There are lots of taxonomies of clusters, but the one chosen is really not very good, and the article isn't very well organized, and will likely confuse people more than it will enlighten them.

Director clusters are more often called "Load Balancing Clusters", or server farms, or various other things.

Two node versus multi-node is not a useful distinction. A more useful distinction (at least for the present time) is "High-Availability (HA) Clusters" versus "High-Performance Clusters". Some HA clusters have 2 nodes, and some have more than 2. Two is a minimum.

"Massively Parallel" isn't defined - but it's probably intended to mean High Performance Clusters. But, high-performance clusters aren't necessarily massively parallel - they're just faster than 1 machine.

And, Grid computing is not the next phase of cluster computing. It's a related idea, like a network of workstations is a related idea. And, a grid is commonly no locally located. But the distinction isn't in how well connected they are, it's in how trust between the computers is managed.

A cluster is a collection of computers part of a single domain of trust (political entity) tasked to perform a set of jobs as though they were one computer. They spread this set of tasks across them, in various ways, and for many purposes as though they were a single computer.

A grid is a collection of computers part of many domains of trust tasked to act as a common computing utility for a plurality of user communities sprad across these many domains of trust.

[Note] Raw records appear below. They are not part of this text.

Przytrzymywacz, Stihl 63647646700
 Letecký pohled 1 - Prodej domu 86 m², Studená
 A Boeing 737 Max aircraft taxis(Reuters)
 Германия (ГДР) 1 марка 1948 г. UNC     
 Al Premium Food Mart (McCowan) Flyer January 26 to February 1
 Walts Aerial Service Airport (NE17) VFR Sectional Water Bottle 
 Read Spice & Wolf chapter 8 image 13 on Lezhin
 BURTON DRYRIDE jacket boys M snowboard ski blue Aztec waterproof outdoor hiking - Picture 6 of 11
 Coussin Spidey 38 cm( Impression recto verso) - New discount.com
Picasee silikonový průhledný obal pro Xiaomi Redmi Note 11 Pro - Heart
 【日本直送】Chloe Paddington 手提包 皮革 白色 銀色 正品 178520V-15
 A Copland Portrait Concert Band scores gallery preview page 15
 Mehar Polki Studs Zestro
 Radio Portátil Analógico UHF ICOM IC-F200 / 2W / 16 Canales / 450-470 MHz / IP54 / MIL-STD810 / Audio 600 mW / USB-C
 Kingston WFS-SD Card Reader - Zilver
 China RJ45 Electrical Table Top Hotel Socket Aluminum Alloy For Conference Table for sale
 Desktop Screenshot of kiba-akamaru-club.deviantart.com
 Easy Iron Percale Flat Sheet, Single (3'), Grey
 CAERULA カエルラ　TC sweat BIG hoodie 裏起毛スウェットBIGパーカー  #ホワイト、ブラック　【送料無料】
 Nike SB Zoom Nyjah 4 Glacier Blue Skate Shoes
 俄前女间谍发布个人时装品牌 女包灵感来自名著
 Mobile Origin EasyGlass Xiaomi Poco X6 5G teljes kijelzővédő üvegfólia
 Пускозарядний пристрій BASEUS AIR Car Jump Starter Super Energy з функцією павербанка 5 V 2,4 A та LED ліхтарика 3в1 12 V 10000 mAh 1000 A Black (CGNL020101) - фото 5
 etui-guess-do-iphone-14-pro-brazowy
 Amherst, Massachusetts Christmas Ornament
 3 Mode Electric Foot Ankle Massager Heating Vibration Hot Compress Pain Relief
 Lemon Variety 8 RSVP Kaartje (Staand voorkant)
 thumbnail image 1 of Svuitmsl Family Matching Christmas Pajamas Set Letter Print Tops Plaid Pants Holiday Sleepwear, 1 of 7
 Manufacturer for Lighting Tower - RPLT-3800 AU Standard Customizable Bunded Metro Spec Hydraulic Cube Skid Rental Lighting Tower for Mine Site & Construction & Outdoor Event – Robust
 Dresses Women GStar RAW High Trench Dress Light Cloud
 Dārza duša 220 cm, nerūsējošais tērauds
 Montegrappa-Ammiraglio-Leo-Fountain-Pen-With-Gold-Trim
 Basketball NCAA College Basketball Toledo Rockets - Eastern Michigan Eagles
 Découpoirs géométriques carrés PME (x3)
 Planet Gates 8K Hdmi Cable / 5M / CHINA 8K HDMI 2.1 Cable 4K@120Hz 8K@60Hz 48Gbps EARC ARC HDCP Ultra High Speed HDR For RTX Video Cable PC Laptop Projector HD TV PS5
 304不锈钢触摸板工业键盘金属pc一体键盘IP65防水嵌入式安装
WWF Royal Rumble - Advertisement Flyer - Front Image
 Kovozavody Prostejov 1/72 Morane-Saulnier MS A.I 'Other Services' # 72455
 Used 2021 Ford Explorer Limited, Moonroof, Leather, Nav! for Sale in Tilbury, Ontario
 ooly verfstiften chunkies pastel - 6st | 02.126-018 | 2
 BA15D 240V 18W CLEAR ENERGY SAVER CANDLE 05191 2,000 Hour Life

Regarding who invented clusters - it's at best arguable, and perhaps words about "some of the earliest clusters were" rather than "XXX invented clusters". Pyramid also produced some of the earliest clusters around. And, like most things, clusters weren't "invented" by any company - it's an idea that grew up over time from things like collections of PDP-11s given a single task to do.

I may have a go at a partial rewrite of the page.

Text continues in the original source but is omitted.